I found myself debating this peculiar artistic dilemma as the Secret Machines, a band I enjoy very much, prepared to take the stage at a converted warehouse space in downtown Phoenix. To my left was the “bar”, a makeshift countertop where a couple of hired stooges were handing out free cans of Budweiser and Mountain Dew. To my right, inexplicably, was a 20-foot tall cardboard robot. Banquet tables overflowed with various Kia product fliers. Behind the band was a large decorative mural that had multi-colored 2010 Kia Souls juxtaposed with-no shit-little tiny sheep. The implications were staggering. Apparently, Kia’s ad wizards have resorted to calling the American public exactly as they see us: sheep! I’m not sure if they were trying to be ironic or flat out insulting or if maybe they’ve finally just given up, as in a “nobody is buying cars anyway…we might as well tell the truth” kind of statement. Their diabolical marketing scheme was lost on me, however. I just wanted to see the Machines. Besides, I already have a sporty mid-sized compact SUV.

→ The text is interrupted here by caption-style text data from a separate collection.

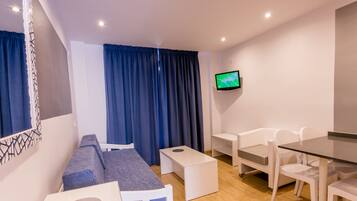 A modern room with a sofa, a small table, a glass dining table, white chairs, a TV on the wall, and blue curtains.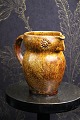 "Lillerod" owl jug in glazed earthenware in fine ocher yellow / brown chipped 
glaze...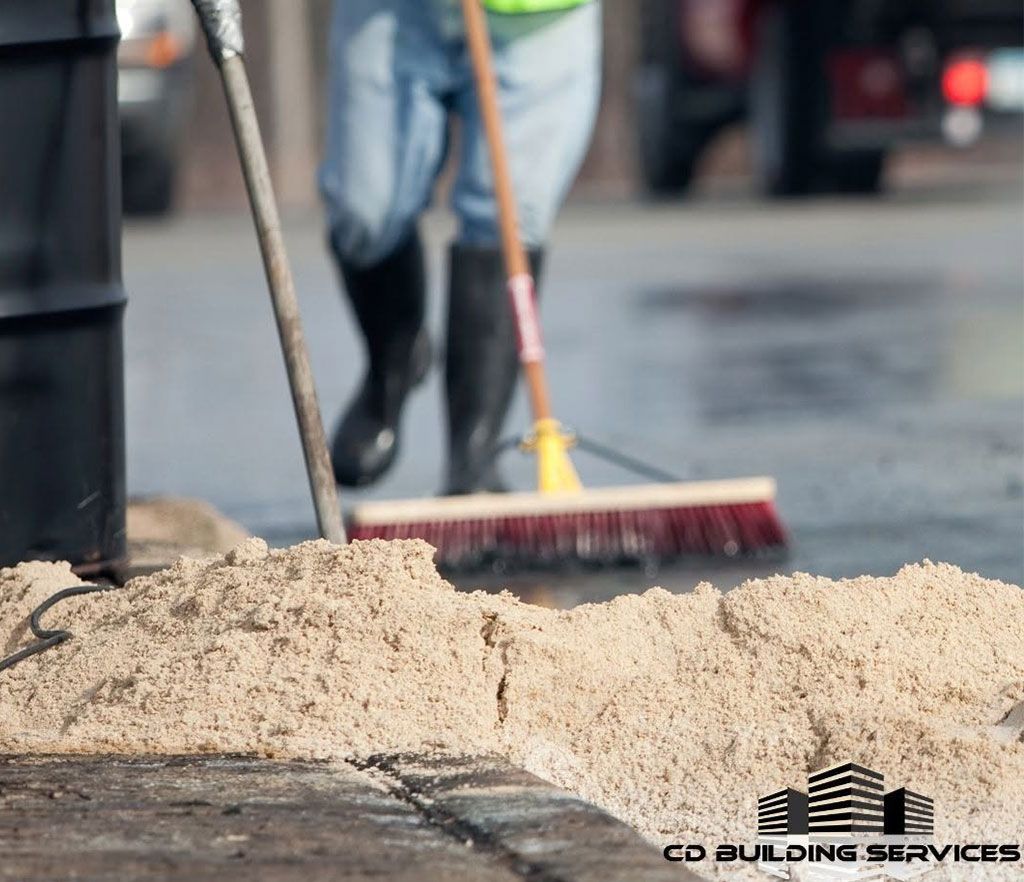Workers sweeping loose sand off a wet road with brooms
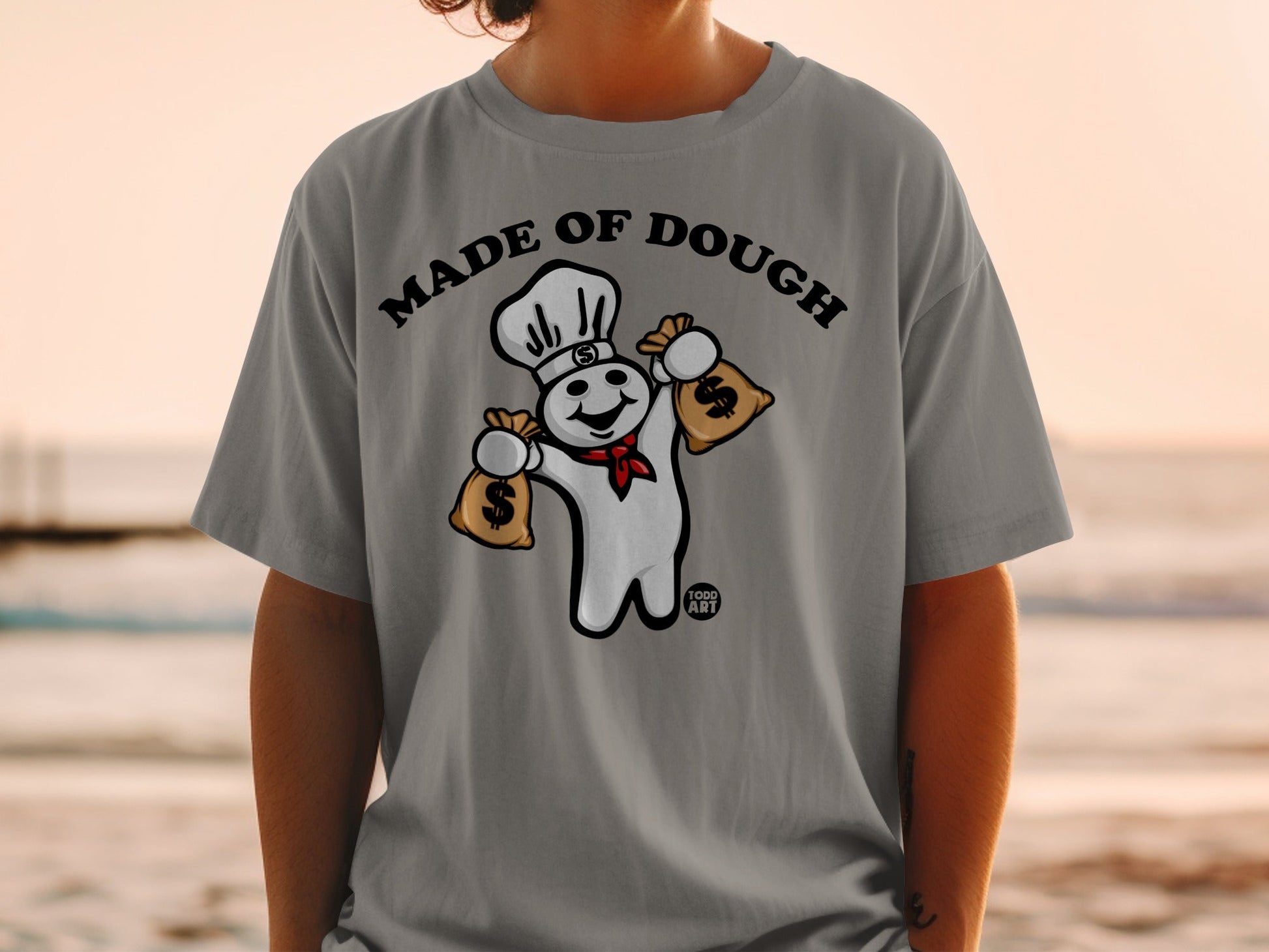 Pillsbury Doughboy with chef hat holding money bags, text "MADE OF DOUGH".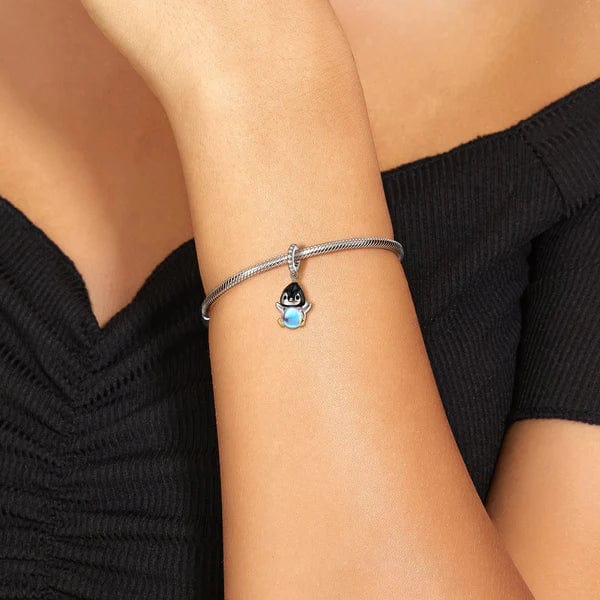 Penguin with a Glowing Blue Sphere Dangle Charm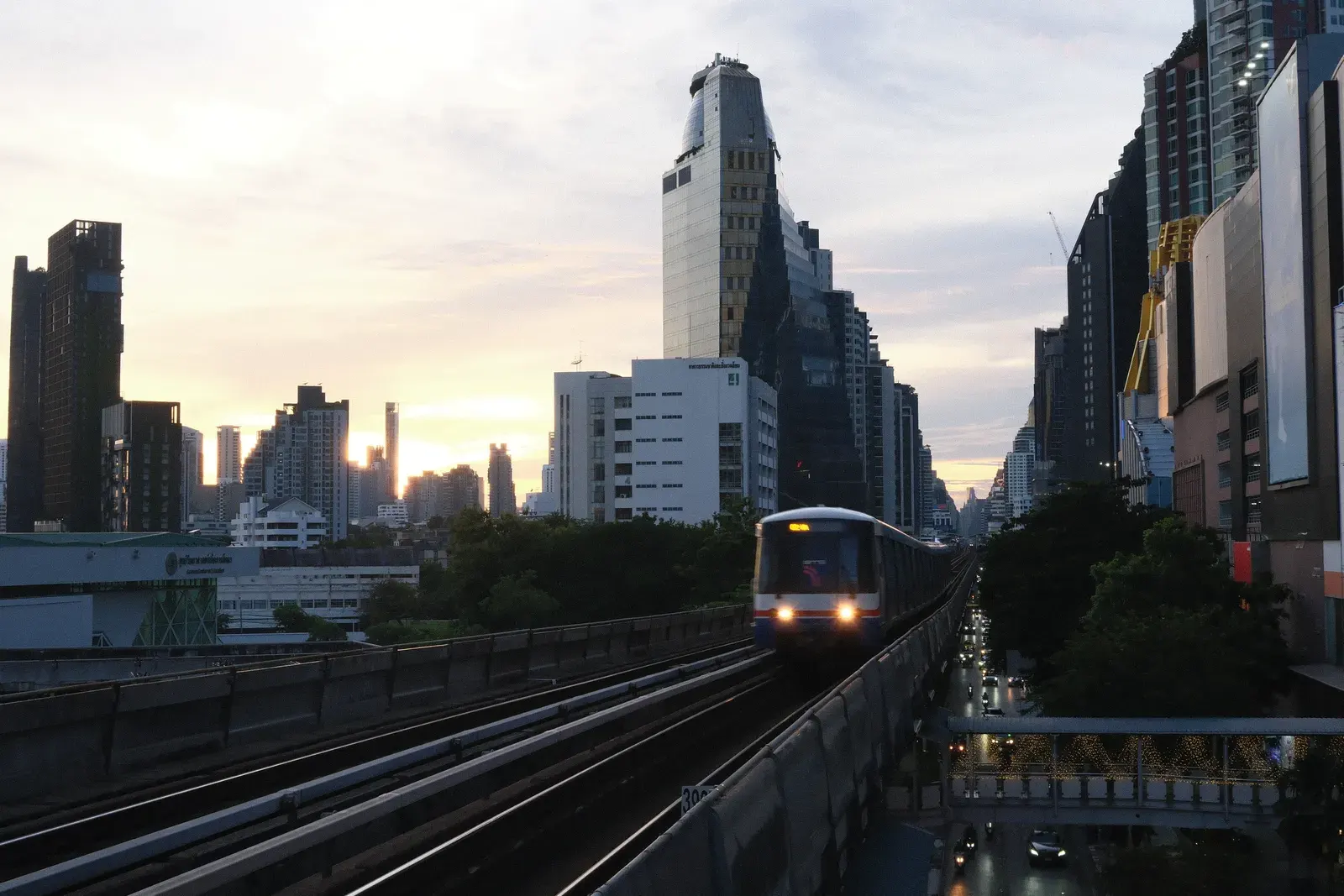 A BTS Skytrain on elevated tracks against the Bangkok skyline during sunset.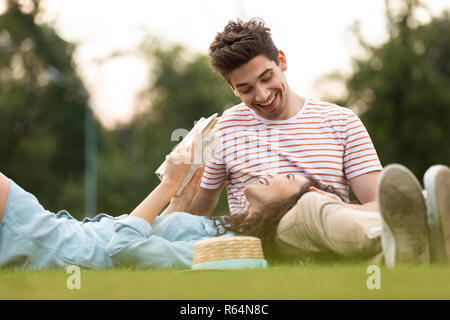 Bild der glücklichen Paar Mann und Frau 20s auf grünem Gras im Park und lesen Buch Stockfoto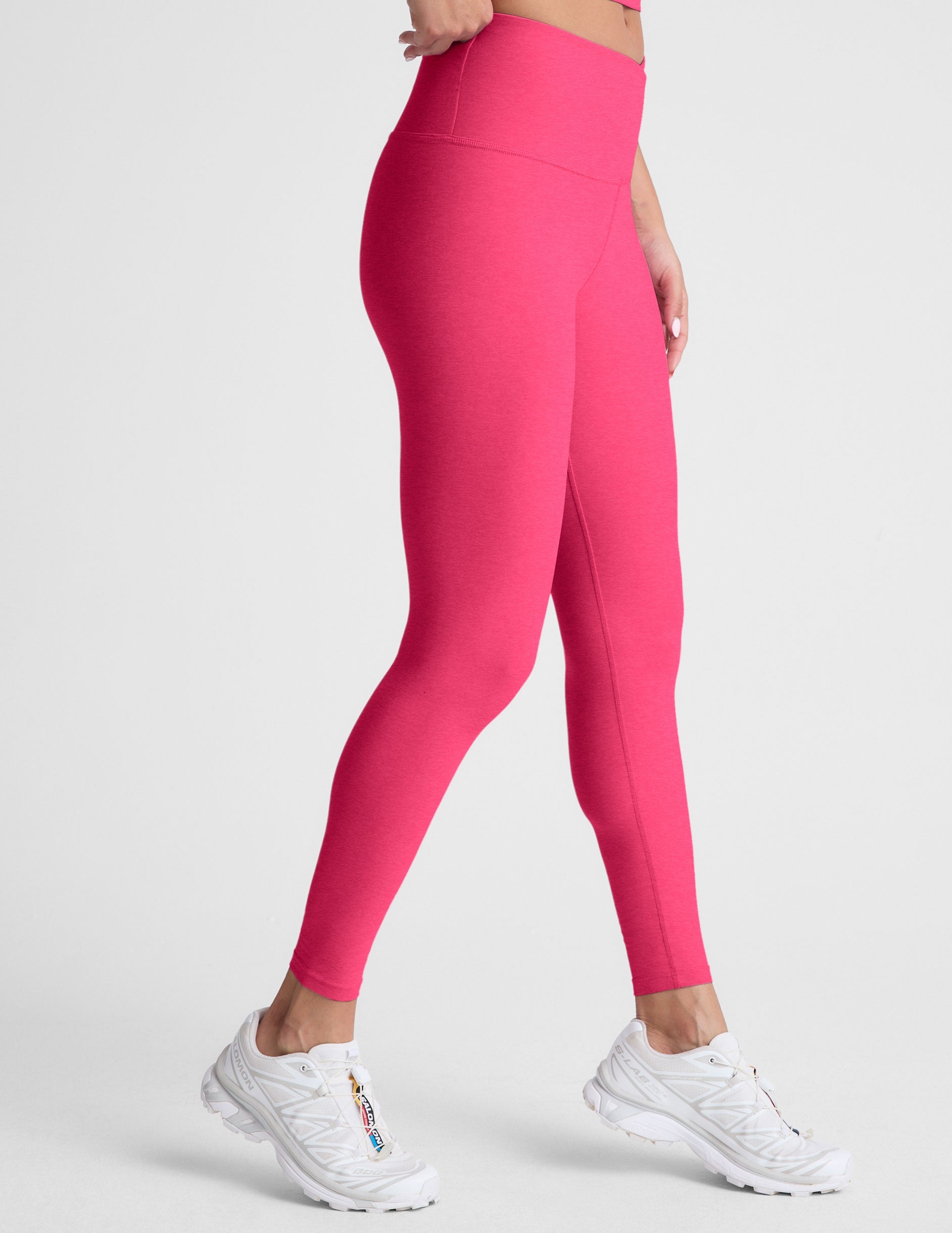 pink high-waisted midi length leggings with a crossover detail on the front waistband.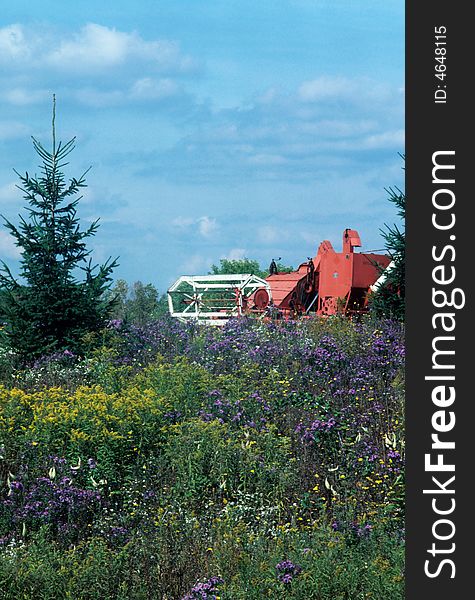 A thresher plowing through a field. A thresher plowing through a field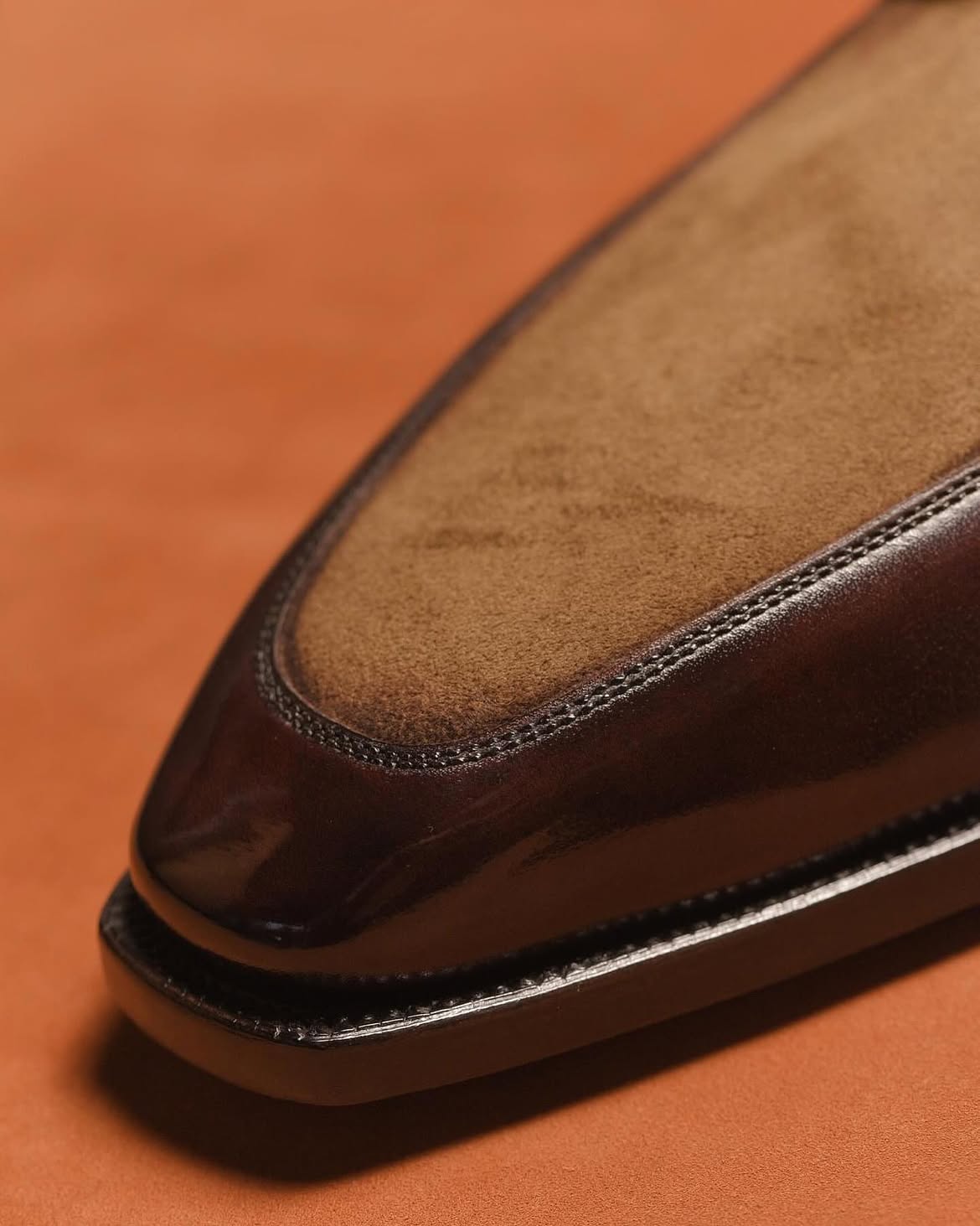 Close-up of a brown leather loafer toe showing a smooth dark brown vamp and a tan suede-like insole, set against a warm orange-brown background.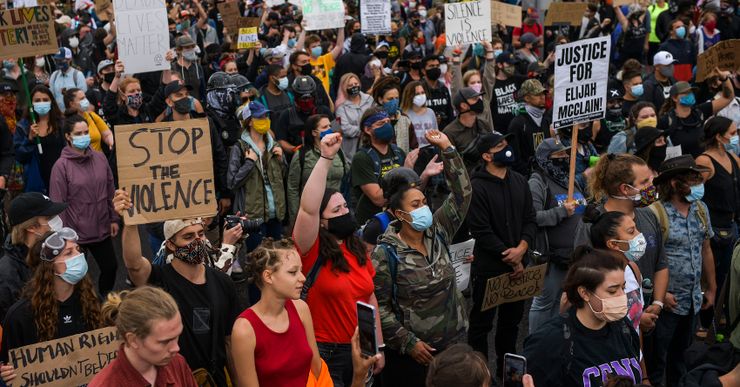 People march in the street to protest the death of Elijah McClain on July 25, 2020 in Aurora, Colorado. On August 24, 2019 McClain was walking home when he was forcibly detained by three Aurora police officers and was injected with ketamine after officers requested assistance from the Aurora Fire Rescue. McClain suffered a heart attack on the way to the hospital that night and died six days later.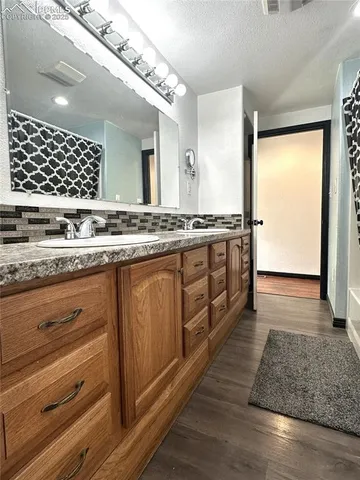 a kitchen with a refrigerator sink and cabinets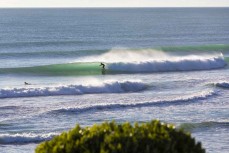 A surfer makes the most of a wave at a beachbreak near Gisborne, Eastland, New Zealand.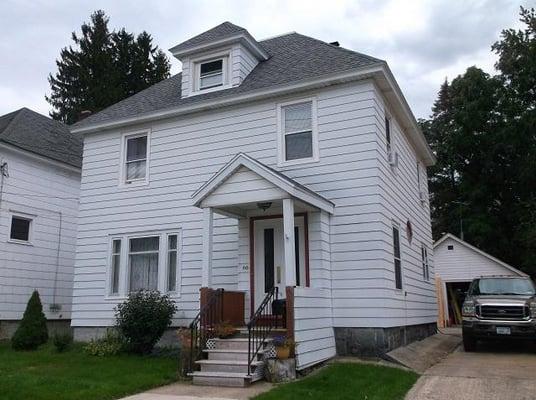 Nice family home w/side hall entryway and open staircase.  French doors open to living room, natural wood archways to dining ...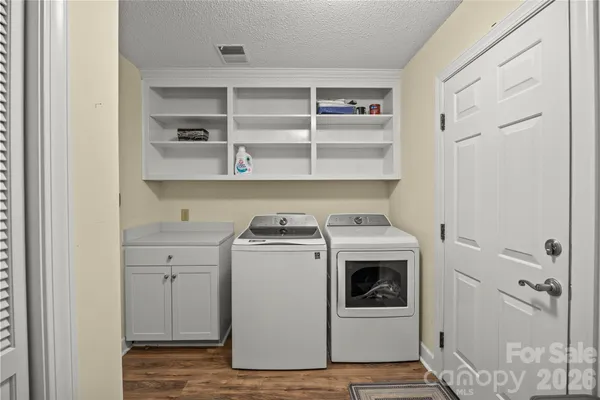 a view of a room that has a window in it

The band began their abridged set with “Nowhere Again”, without question their most recognizable song, and if the shiny-shirt wearing guys in the front row thought the warm-up DJ mouse-clicking Itunes dance jams earlier was loud, well, they must not understand loud like some of us do. The Secret Machines are a LOUD band. It starts with drummer Josh Garza, who sets up stage left rather than the traditional background locale. Garza, it seems, uses small trees for drumsticks—for sheer force and consistency, his is a tough act to follow.
Brandon Curtis runs the show; songwriter, singer, guitarist, keyboardist, etc. His brother Ben quit the group in late 2007 to form School of Seven Bells. My first experience with the Machines was in early 2005, and the demonstration that Garza and the Curtis brothers put on that night was awe-inspiring, to say the least. I’m not saying that the current lineup (guitarist Phil Karnats now rounds out the trio) is lacking in any way, and perhaps this evening’s shortened set wasn’t the most honest representation, but I can’t help feeling that some of the magic has lifted.
Their most recent, self-titled LP, while nowhere near as captivating as the first two records, does manage a few great moments. One of which, “The Walls Are Starting to Crack”, with it’s devastating mid-section, featured Garza absolutely losing his shit during a freakish, five-armed drum solo, and it was easily the most memorable moment of the night. The rest of the set pulled mostly from the band’s earlier work, from a slow-burn take on the sad-sack anthem “Alone, Jealous, and Stoned”, to a typically vamped out version of “Sad and Lonely”, to their crowning achievement, Now Here Is Nowhere’s ten minute opening opus “First Wave Intact”.
I'm hard pressed to pinpoint a riff, written in the last 15 years, that rivals the one in “First Wave Intact” in terms of monstrosity and face-melting potential. The song totally wails and the Machines held nothing back as they barreled their way through it. Safe to say that by now, all the shiny-shirt PR guys were making for the exits. This was not their kind of noise. For a moment I stood in blissful repose, feeling the thundering madness all around me, briefly forgetting that I was in a half-empty warehouse surrounded by Kia salesmen, drinking lukewarm Budweiser, and feeling very sketchy about the giant robot looming over my shoulder. That moment felt like any other Secret Machines show, as I stood there cursing myself for forgetting my earplugs.
The band called it a night after eight songs, playing barely an hour. I had already resigned myself to the fact that this wouldn’t be a proper Machines gig—one look at the stage set-up told me that, as Brandon’s keyboard was nowhere to be found. If I wasn’t going to be able to hear “You Are Chains” or “1,000 Seconds” than I certainly wasn’t getting the full experience. Not to seem bitter or ungrateful—on the contrary, I would like to thank the folks at Kia for making an effort, for bringing a great band to town, and for giving me those three free drink tickets. I imagine lukewarm Budweiser can only taste that good when you’re standing in a dusty Arizona warehouse in the middle of August.
I’d like to thank the band, as well. It can’t be easy fulfilling these kinds of corporate obligations, even if it does mean a decent paycheck. With the music industry in shambles, perhaps any paying gig is as good as the next.